I have a question, im 22 yrs old with 2 young children. My boyfriend beats me so bad when he gets mad like im a guy. I have to lie about why im so sore or why i have cuts and bruses, its starting to go to far and i have realized this is not love. He controls everything, even the tv shows i want to watch, i want to get away from him but i dnt know how. I have no one or no where to go. You are not alone. You do not deserve to be abused in any way. WEAVE's Safehouse may be an option for you. The 24 hour Crisis Line can provide you with emotional support and assist you with referrals for help. The Support and Information Line number is 916.920.2952. WEAVE also provides counseling services and legal services that may assist you during this difficult time.
I need to file for a divorce but don't have funds to do it. Is there anything that can help? I make more money than the maximum allowed to get the fee waived through Sacramento County. WEAVE offers a free dissolution (divorce and legal separation) workshop on the second Thursday of each month at 6:00 PM - 8:00 PM. It takes place at 1900 K Street in midtown Sacramento. Please call WEAVE's 24-hour Support and Information Line at 916.920.2952 for more information.
I was in an abusive marriage for many years. Now that I am out of it, I have found myself in a roommate situation where he beats her. He has hit the next door neighbor, and has threatened me. What are my options? I can't seem to get past the fear, and I think a lot of the fear is because of my marriage. It sounds like you may be experiencing post-traumatic stress disorder. This is very common among survivors. WEAVE provides counseling and support services for survivors of domestic violence. Please call WEAVE's 24 hour Support and Information line at 916.920.2952 to access counseling services, learn about options and receive support. You can also come in for a free triage assessment on Tuesdays and Thursdays from 10 am - 1 pm and Wednesdays from 4 pm - 7 pm.
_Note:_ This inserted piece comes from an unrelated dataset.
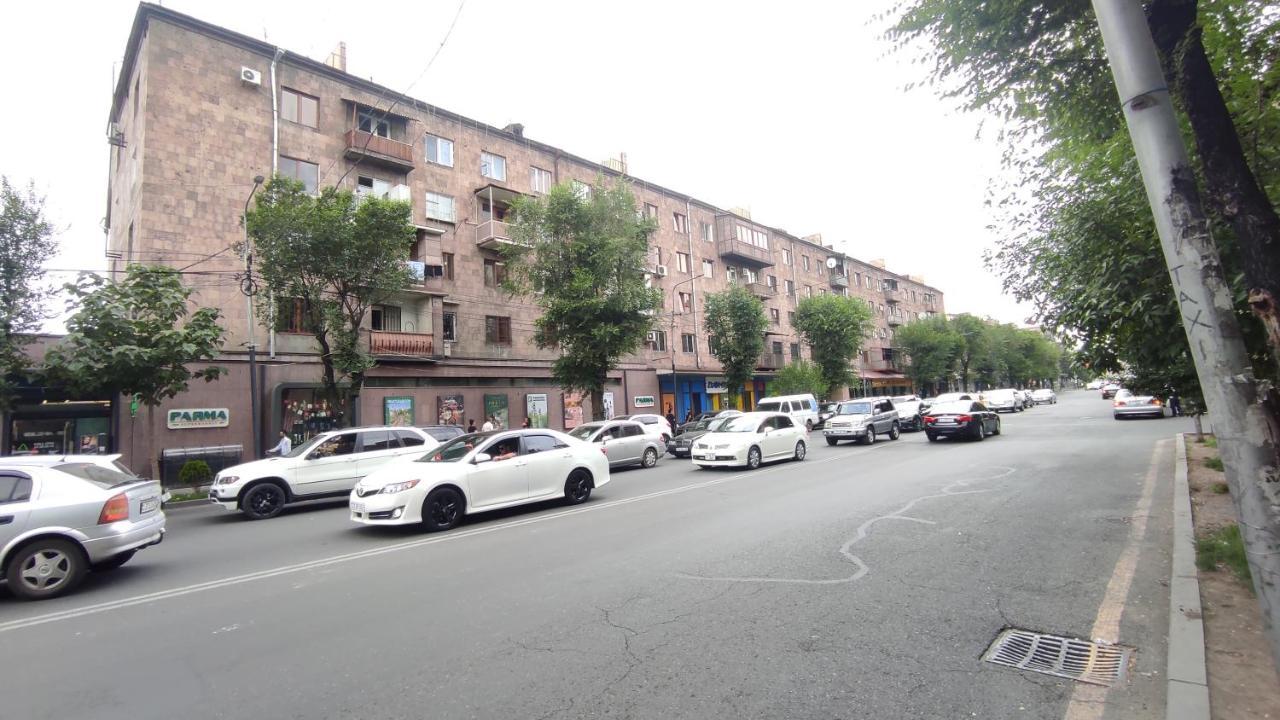 Appartamento Vagarshyan 19 K.29 Erevan Esterno foto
I was married for 13 years and left two years ago. He is still very much a part of my life because we share a daughter. During our marriage he never hit me so I didn't consider it abuse but he would hurt me sexually, criticize me continually and physically overpower me in order to get me to do what he wanted. I have a male friend who wants to be more but I am terrified because of my past and only experience with men. He suggested contacting you about a woman's support group or counseling. Is there someone who can help me sort this out so I can be a healthy example for my daughter? You have already taken a hugely important step in the right direction. WEAVE offers a variety of services, including a 24-hour Support and Information Line, individual and group counseling. To access services, please consider coming in for a free Triage assessment - offered Tuesdays and Thursdays from 10 am - 1 pm and Wednesdays from 4 pm - 7 pm at WEAVE - Midtown – 1900 K Street, Sacramento.
I have 3 children and my husband is very emotionally abusive,I have a job but no way to move to be able to afford housing and also bad credit, I want to leave and I know my older kids are tired of the fighting. Is there help for a woman employed but can't get out. I keep trying to leave but then I just hope things will get better , years later it's worse but not physically abusive I have no options I feel helpless. It can be extremely difficult to leave an abusive environment. You have options and we are here to help. You can come in and speak with a WEAVE advocate one-on-one. When meeting with the advocate you will discuss and assess your level of danger, prepare a safety plan and will be provided with information on appropriate services. This service is offered on Tuesdays and Thursdays from 10 am - 1 pm and Wednesdays from 4 pm - 7 pm. You can also call WEAVE's 24 hour Support and Information line at 916.920.2952 for additional resources and support.
I recently left an abusive marriage my belongings are still there and he is threatning those around me if he sees me with them. He is with holding our assets and I was wondering if there is any legal help available to me. You have taken a very important first step towards healing. For legal assistance, please call WEAVE's Legal Department at 916.319.4905. Please allow at least 3 days for a returned call from WEAVE’s Legal Department. You may also contact’s WEAVE’s Support and Information Line at 916.920.2952 for additional resources, information and referrals.
After 10 years, I have removed myself from my abuser. I lived in Government housing and left it. I took my rent money and just left, after living in Housing for close to 11 years. I am now living with my daughter, but I want to have my own place again. Is there any help I can recieve to help me on my way?? I am a Survior! We are so glad to hear you were able to leave. There are many resources available. Please call WEAVE's 24 hour Support and Information line at 916.920.2952 for support, resources and referrals. 2-1-1 Sacramento is another helpful referral service, which may be able to help.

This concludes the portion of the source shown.